Under the lens: Carbon and energy channels in the soil micro-food web

Abstract

While carbon flow through soil decomposition channels is well studied, the associated energy fluxes are less considered. In particular, how microbial substrate and energy turnover are linked to higher trophic levels has hardly been investigated to date. Soil nematode communities can serve as a model group to address this knowledge gap. As important microbial grazers nematodes hold a central position in soil food webs. The present study relates the structure and function of the micro-food web to microbial carbon and energy use efficiency. Microbial biomass (phospholipid fatty acids), activity (substrate-induced growth) and energy flow (substrate-induced heat release) are linked with the nematode fauna, i.e. population density, ecological indices and metabolic footprints. Soils from four agricultural sites in central Europe were compared, either long-term unfertilized or fertilized with farmyard manure.

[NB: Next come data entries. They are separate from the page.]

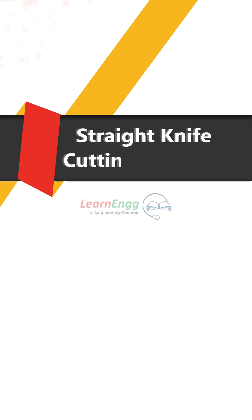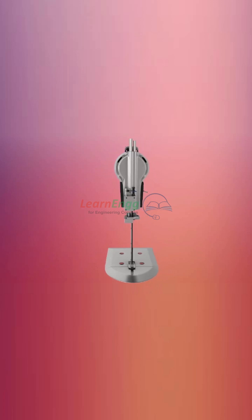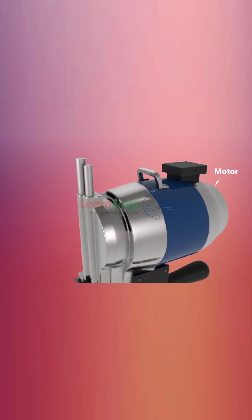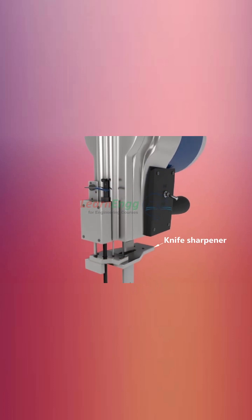Straight knife cutting machines are used to cut components of different sizes. The main parts include the upper handle, motor side, handle, knife sharpener, and stand.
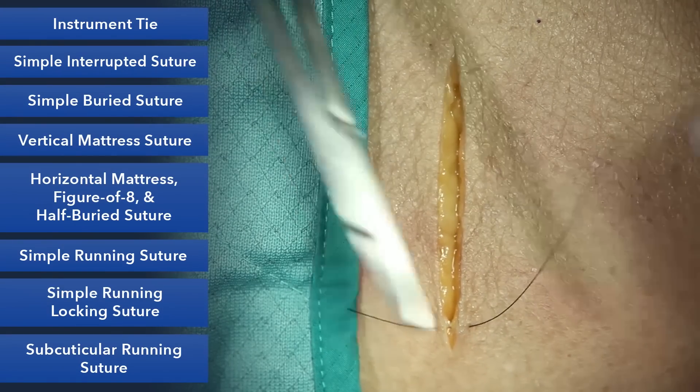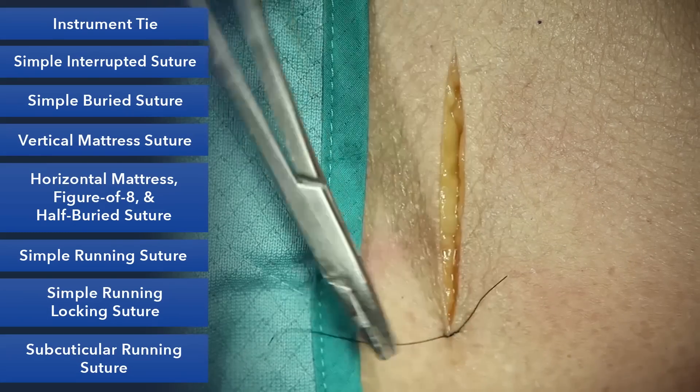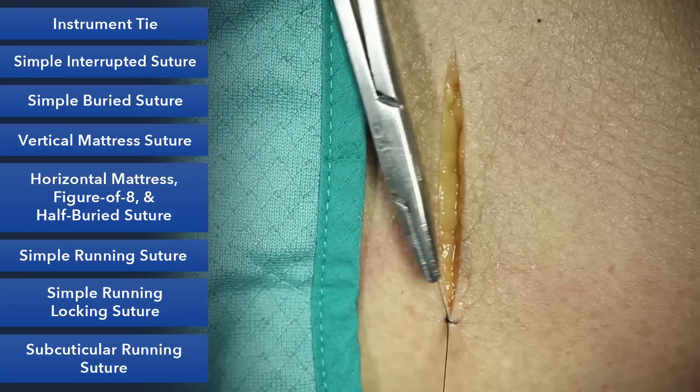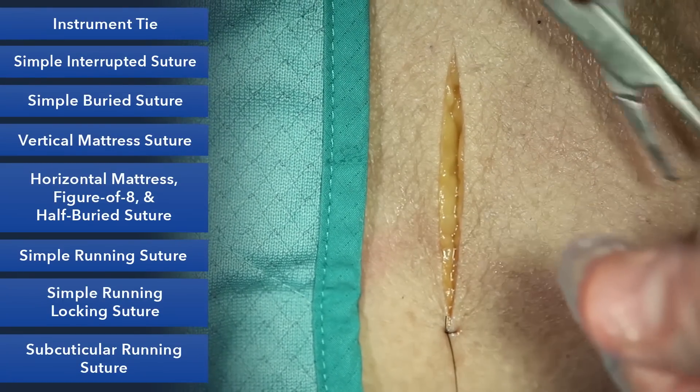You'll start with an instrument tie and try to save length on your suture here. You also want to measure the length of your wound and make sure you're not working with such a long suture that it becomes unruly.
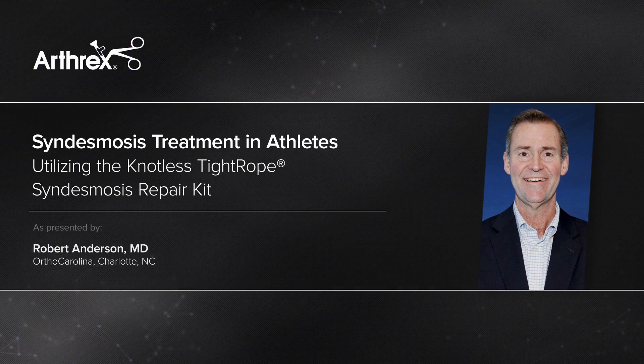I'm Bob Anderson. I'm an orthopedic foot and ankle surgeon in Charlotte, North Carolina. I work at OrthoCarolina.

Environmental conditions (e.g. soil nutrients, moisture) influenced microbial biomass, nematode population density and decomposition channels more than fertilization. While all arable soils were dominated by bacteria, at sites with moderate nutrient status fungi also contributed to carbon and energy flow. The life strategies of microorganisms and nematodes showed a comparable pattern: nutrient-poor unfertilized soils comprised more K-strategists, characterized by an efficient but slow metabolism. Conversely, nutrient-rich soils represented fast cycle systems, dominated by copiotrophic microorganisms and strong r-strategists among nematodes. Across soils, microbial energy use efficiency was quite balanced compared to carbon use efficiency. Remarkably, nematode functional groups were closely linked to microbial substrate turnover efficiency, suggesting nematode faunal analysis as a useful proxy. The nematode Channel Index, a measure for soil decomposition channel activity, is proposed as a tool for mapping microbial carbon and energy turnover.